With its post-COVID economic agenda struggling in Congress, the Biden White House today called in some local reinforcements, teaming Illinois Gov. J.B. Pritzker with a top federal official to pitch the president’s tax and spending plans.
In a Zoom call with regional reporters, Pritzker asserted that Biden’s plan to expand child care nationally in the same way Pritzker has in Illinois is crucial to a full recovery from COVID, and he argued that Biden’s plan to boost taxes on the wealthy and large corporations is the correct way to pay for it.
“The president is doing the right thing,” Pritzker said as David Kamin, deputy director of the president’s National Economic Council, listened in. “We’ve got to pay the bills from the recovery. The best way to do that is to tax those who can most afford it.”
That argument is very similar to the one Illinois voters rejected last year when they said no to Pritzker’s proposed graduated income tax amendment, which the governor dubbed the “fair tax.”
Asked today if he wasn’t asking a Democratic Congress to take the kind of step Illinois voters were unwilling to make, Pritzker replied that he still believes the tax code needs to be made more fair.
“Congress is trying to go at it in a slightly different way” than he did, Pritzker said. “I’m glad the federal government went after this.”

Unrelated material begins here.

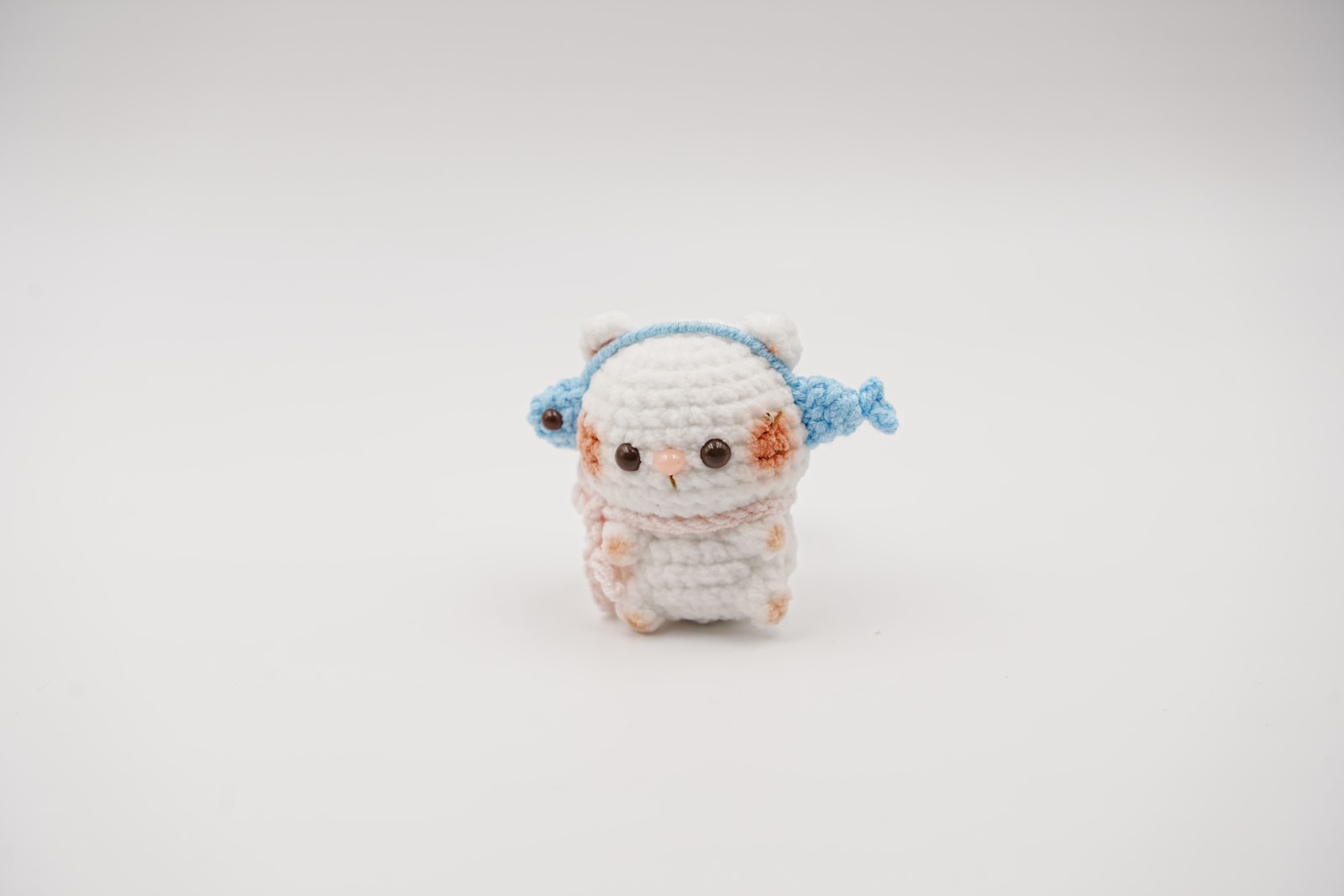 crochet-cat-010 Headphone Kitty - Image 1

The child care expansion Pritzker promoted in Illinois indeed is large. So far, mostly using federal COVID relief funds, the state has targeted $870 million for such efforts, with job seekers given three months of free child care, workers given a $1,000 bonus each, and $300 million awarded to child-care and early-education providers.

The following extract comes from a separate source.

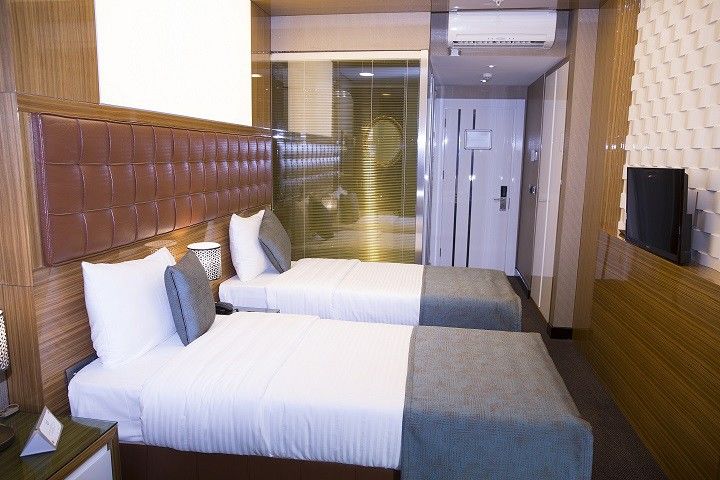Atasehir Palace Hotel & Conference Istanbul Ngoại thất bức ảnh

Of all the investments being made after COVID, this one has the highest potential return, Pritzker said. Lack of child care “is holding back our recovery.” The workers who depend on such services so they can hold down a job “are carrying the rest of us on their backs,” Pritzker said.

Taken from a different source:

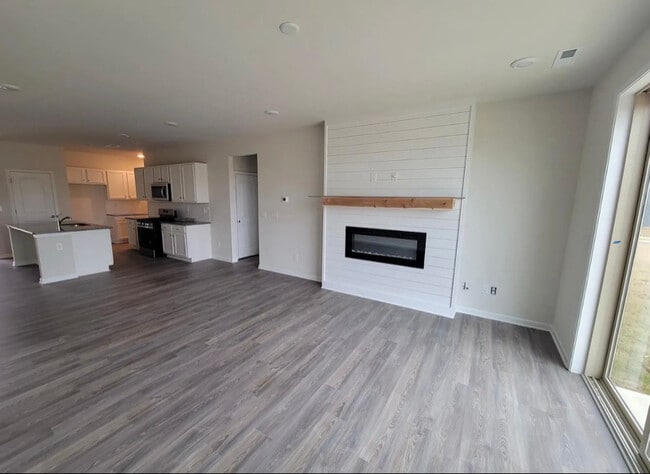 Photo - 1007 Maylen Trce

But while such programs are popular in Congress, they are part of a larger spending initiative that so far has failed to unify Democrats or attract any Republicans. And how to pay for it remains a hot topic of debate.
Biden’s plans feature raising the top corporate income-tax rate from 21% to 26.5% and expanding taxes on corporate foreign income. That would raise an estimated $1 trillion. Tax rates also would rise on wealthy people though not families earning less than $400,000, according to the White House.
But it appears that even some profitable companies would still continue to pay no income tax under Biden’s plan. That’s because it would retain credits for certain investments and research and development, even expanding credits for investments in clean energy and low-income housing.
Kamin said the Build Back Better agenda is just what America needs. “We have a fundamental choice as to how to rebuild our economy.”
The White House has not provided a list of Illinois companies that have paid no taxes, citing federal confidentiality rules.